The application works fine if the size of particular data is small. But the application will take more than 30 min to generate files if the data is big. The client data is always huge/big. So the application requires more time to generate files.
My task is to optimise the application in order to reduce the time taken to create the xml files. When I checked the application I found that the application is running on this way.
Starts
- Create connection to db
- gets the first set of data ( this table (table1) is too Large ). And the query will returns around 15-30 K rows to dataTable
- for loop 0 to datatable.Rows.count
- checks some condition
- get data from db. (this table (table2) is also too large than (table1).
- send data to form xbrl and writes to xml ( this is done by thrid party application called UBMatrix). It is not possible to edit the code which creates xbrl-xml file.
Similarly there are 3 to 4 set of data will process
In my observation, we can avoid db calls in for loop. Get all the data before the loop. When I checked the queries, there were subqueries,not exists(select * from table) etc can be replaced with joins, not exists (select 1 from table)
But still the application need to process in loop. I am also thinking of using threading so that the I can create threads based on the size of data and process it simultaneosly.
Eg
- if there are 100 rows.there will be 100 entries to xml file (XBRL)
- So i will make 50,50 and run in two threads which will generate two xml file. at the end I will combine two into one xml file.

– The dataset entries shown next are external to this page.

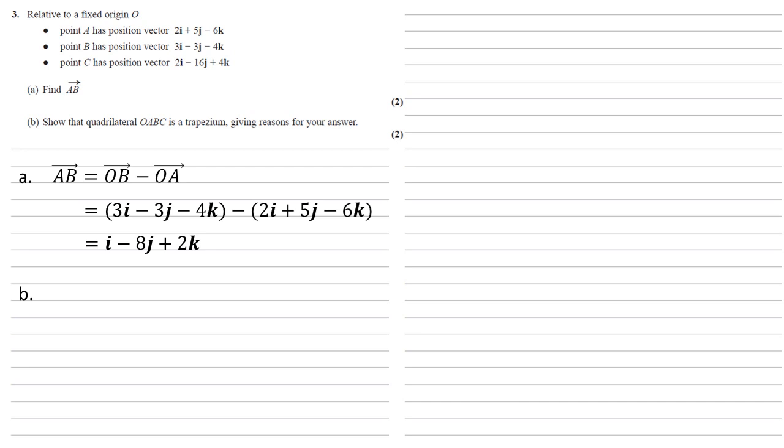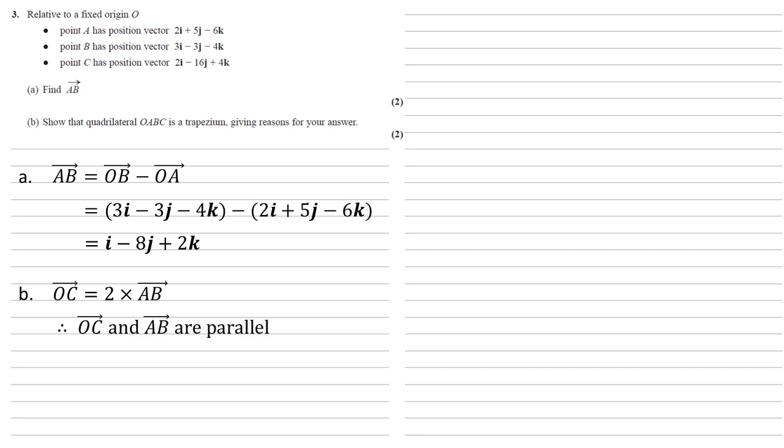Well, we can quite quickly see from what we've got that OC, the 2i minus 16j plus 4k, is 2 times the AB that we've just worked out. So as our two vectors OC and AB are multiples of each other, they're being multiplied by a scalar, the 2, this means that OC and AB must be parallel to each other. So we've got a quadrilateral, two of the sides are parallel to each other, so it must be a trapezium.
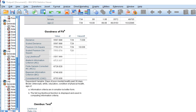That concludes our discussion of Poisson and negative binomial regression. I hope you found this useful.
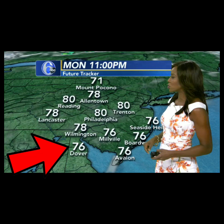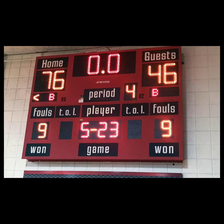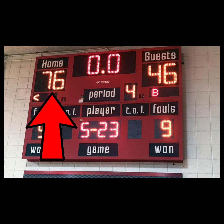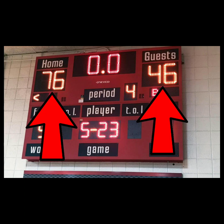Real world connection: This weather person said it was 76 degrees Fahrenheit on this day. Is 76 degrees cold, cool, warm, or hot? This scoreboard says the home team has 76 points and the guests have 46 points. Who's winning the game, and why?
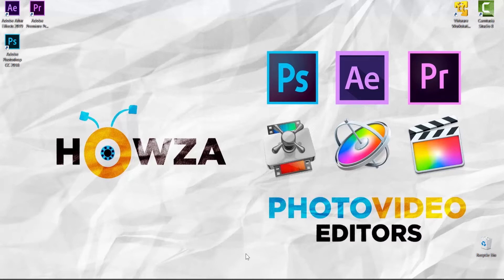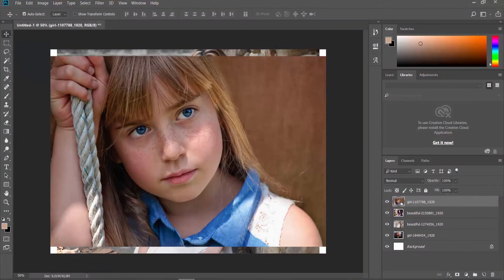Open the photo you need in Photoshop. Go to the Layers panel on the right side of the screen.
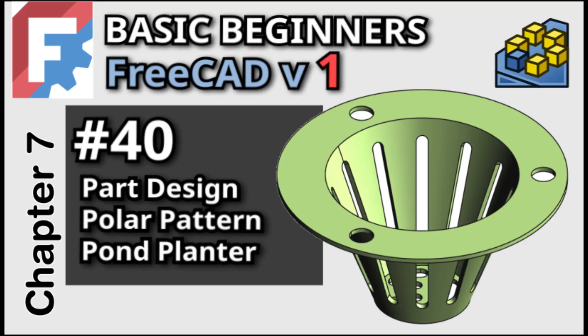Hi everyone and welcome back to the Beginners Free CAD series for version 1. We'll move on to the polar pattern. We use the tool to create a pond planter.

So processing of 0th question and 50th question can be start at same time. Currently in for loop, 0th will process and 99th will be process at the end only. I am not sure about the idea. Can any suggest /share your ideas . any help will be appreciated. Thanks in advance
Not really an answer, just a really large comment:
I would remove multi-threading from your plans unless the UBMatrix API states it is thread-safe, thinking of all the disc I/O when generating the XBRL.

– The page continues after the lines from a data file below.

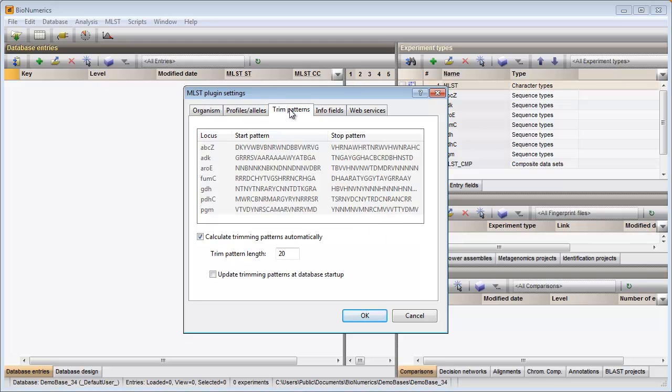The trimming patterns have been calculated during installation of the plugin and are displayed in the trim patterns tab. These can still be changed if desired, for example if a lot of degenerate positions are present.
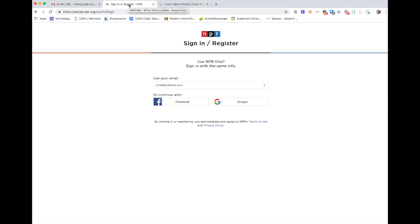Your email address would essentially function as your username. Whatever password you use would be paired with that email address. So if, for example, npr.org was hacked and they were able to download all the lists of emails and password combinations, this is what they would get.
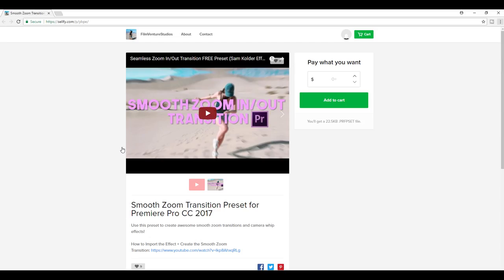Before we start, you're going to need to go into the description and download Six Screens. It's a link by Film Venture Studios. Download it, it's amazing, but you're going to need it for this tutorial.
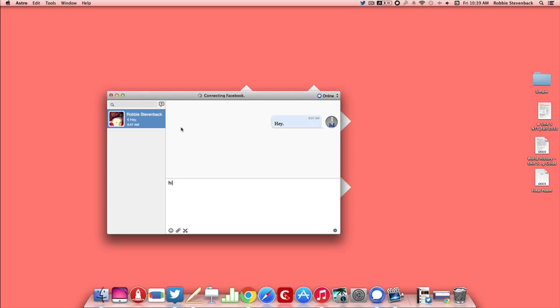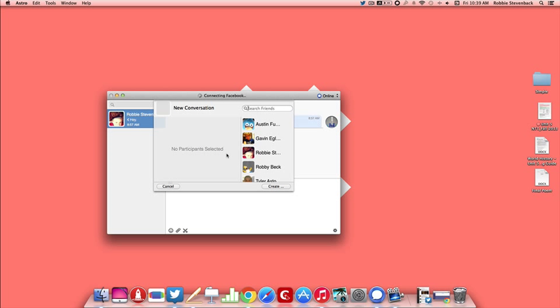Taking a look at Astro here, you have on the left side the people that you are chatting with and you can add a new person that you are chatting with as well.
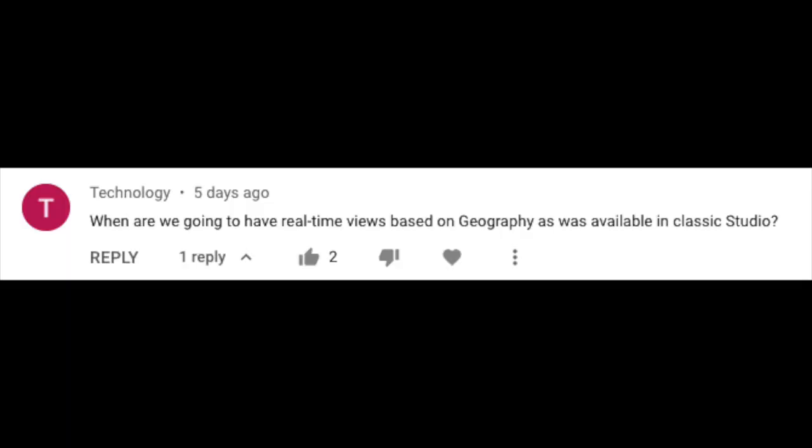Now to my favorite part — answering your questions. Last week, a creator asked: when are we going to have real-time views based on geography, as was available in classic Studio? We talked to the team and unfortunately this isn't something they're planning on doing. They did add that they find traffic sources in real time much more relevant to understanding what's going on in your channel right now than geography, which is best analyzed over longer periods of time.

Have your profiled your app for memory usage? I am thinking of the 15-30K rows of data being loaded, then possible transferred into an an object model prior to processing and writing to file. If you start to reach the 2GB limit (32 bit), then your process will be doing a lot of paging, which is sooo slooow.
Would this alternative be a possibility? Pre-generate the data to file, possibly in xml format. Then, hoping the UBMatrix has an api which accepts a file path and streams data, you could just pass off the path to your file data. (This is more in case it is a memory issue, but could still speed things up if the data queries are long running.)